← System Design Simulator

Distributed Message Queue (Kafka-style) System Design Interview Question

By Rahul Kumar · Senior Software Engineer · Updated · 9 components · 3 operations ·Source: Alex Xu, System Design Interview Vol 2, Chapter 4

Problem: Design a distributed, durable, high-throughput message queue like Apache Kafka.

Overview

A distributed message queue like Apache Kafka is the backbone of modern event-driven platforms: it decouples producers from consumers, smooths traffic spikes, and preserves an immutable log of everything that happened in the business. The hard part isn't accepting messages, it's accepting a million per second without losing any when a broker dies, while still giving each consumer group its own replayable, ordered view of the stream. Get it wrong and you either drop payments on a leader failover, or you serialize the entire firehose through one node and cap out at a few tens of thousands of messages per second. The Kafka-style answer, partitioned append-only logs replicated across brokers with a leader-per-partition model, is now the default for analytics pipelines, CDC, microservice choreography, and real-time fraud detection. Understanding why partitions, ISR replication, offsets, and consumer groups exist in this exact shape is the single most leveraged piece of system-design knowledge for any backend engineer touching data in motion.
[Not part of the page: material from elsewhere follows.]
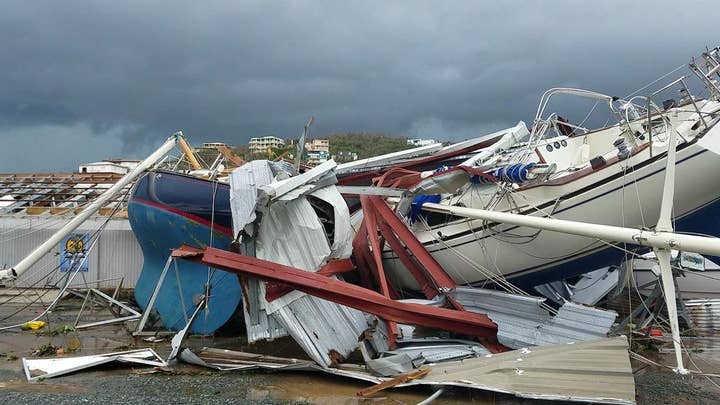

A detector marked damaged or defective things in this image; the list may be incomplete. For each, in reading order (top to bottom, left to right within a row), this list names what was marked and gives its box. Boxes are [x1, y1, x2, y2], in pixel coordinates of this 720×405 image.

bent aluminum sheeting [183, 334, 632, 404]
Distributed Message Queue (Kafka-style) — Interactive Simulator

Runs fully client-side in your browser; no sign-up. Or open full screen →

Launch the interactive walkthrough for Distributed Message Queue (Kafka-style) — animated architecture diagram, step-by-step flow with real payloads, component swap, and a discrete-event stress simulator.

Summary

A partitioned, replicated, append-only log that decouples producers from consumers and guarantees ordering within a partition. The dominant design choice is a partition-leader / in-sync-replica (ISR) replication model: one broker owns each partition for writes, writes are replicated to followers, and a separate controller handles metadata + failover. The main tradeoff is strong per-partition ordering at the cost of cross-partition ordering — and the fact that leader failover causes a brief availability dip (~seconds) for that partition. Sized for ~1M msgs/sec ingest, ~3x fanout to consumers, and 7-day retention.

Requirements

Functional

Non-functional

Capacity Assumptions

Back-of-Envelope Estimates

High-level architecture

The request path starts in the producer client, a smart library embedded in the application. It fetches topic metadata once from any bootstrap broker, caches a partition-to-leader map, and from then on talks directly to the leader broker for each partition. Records are buffered in a per-partition accumulator, compressed (lz4 or zstd), and flushed as a batch when either linger.ms or batch.size is hit, turning a million tiny writes into ten thousand fat ones. The leader broker appends the batch to the partition's segment file (a memory-mapped append-only log) and asynchronously ships it to follower replicas. With acks=all and min.insync.replicas=2, the leader only acknowledges the producer after at least one follower has persisted the batch, which is what gives you the no-data-loss guarantee under single-node failure. A separate controller (originally ZooKeeper, now KRaft) watches broker liveness and, when a leader dies, promotes an in-sync replica to be the new leader and propagates the new metadata. Consumers pull from leaders in long-polled fetch requests, track their position via committed offsets stored in a special __consumer_offsets topic, and rebalance partitions across group members when membership changes. The whole design leans into sequential disk I/O and the page cache: a partition log is an append-only file, and the OS serves most consumer reads from RAM without ever touching disk.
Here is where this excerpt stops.